Rush_Working_MenGeddy Lee, Alex Lifeson and Neil Peart.  Shouldn't really have to introduce themselves, but for those of you who may have been living on the moon for the last 35 years, they are collectively known as "Rush".



Formed in Toronto, Canada in 1968, it wasn't until 1974 that this legendary trio of line-up got together and have been together ever since.


When you look back at the classic era rock studio albums of 'Fly By Night', '2112', 'A Farewell To Kings', 'Hemispheres' and 'Permanent Waves' to name but a few, it reads like a crash course in technical progressive rock, and who am I to challenge that?


Rush single handedly changed the face of the double live offering over the years, with 'All The World's A Stage' and 'Exit Stage Left' pushing listeners into new areas of what could be achieved with live music and by the time they released 'A Show Of Hands' in 1989 the band had totally transformed itself beyond all recognition ready for the Nineties and continued critical and commercial success.  

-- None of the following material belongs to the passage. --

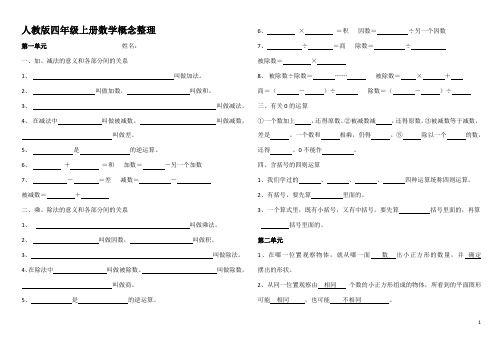 人教版四年级上册数学概念整理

'Working Men' then captures the period directly after the Nineties Atlantic Studio albums and takes in the best of the band's previous 'Rush In Rio', 'R30', and 'Snakes And Arrows Live' albums following in the progressive footsteps of their legacy but with the modern sound and edge they had garnered over the preceding years.


So, as the crowd's roar fades in, the guitar riff to 'Limelight' is accompanied by the drums then the bass and of course finally, Geddy's voice, which must be the most distinctive of anyone in rock an' roll, period (well apart from Brian Molko anyway).


Next up is 'The Spirit Of Radio', and there can't be many artists around today who could perform a track like this quite as spot-on live, kudos indeed.


When I delve back into those old memories of classic Rush I mentioned earlier, I recall your typical rock song that had to last at least eight minutes long minimum. So with the '2112' edit, the longest track on this album weighing in at a rather paltry six minutes and fifty three seconds, I'm like "wow, what is going on here"?


The musicianship is absolutely top notch throughout this album, and 'Freewill', 'Dreamline' and 'Far Cry' are all musical case studies in how to perform for any aspiring musicians out there. My only reservation is that as each song fades in and out it kind of dampens the live album feel; still I'm sure any diehard fans will poo poo this comment and still check 'Working Men' out.


Geddy attempts his best German greetings to the Frankfurt crowd at the beginning of synth driven 'Subdivisions' illustrating clearly the multi-tasking capabilities essential for any truly global band.


Next up the previously unreleased on CD one 'One Little Victory' can be however be found on the DVD of  'R30', before the familiar acoustic intro to 'Closer To The Heart' unfolds. This classic is as etched into all respective rock fans brains as is the opening lyric. 'Tom Sawyer', 'Working Man' and 'YYZ' round things off nicely thank you.


So as I close this review I can't help but end with that aforementioned classic lyric as I think it sums up the band's lifelong attraction to its fan base;


"Philosophers and Ploughmen

Each must know his part

To sow a new mentality

Closer to the Heart"


Yeah, it's closer to the heart. Also note that this album is available on DVD with the same track listing.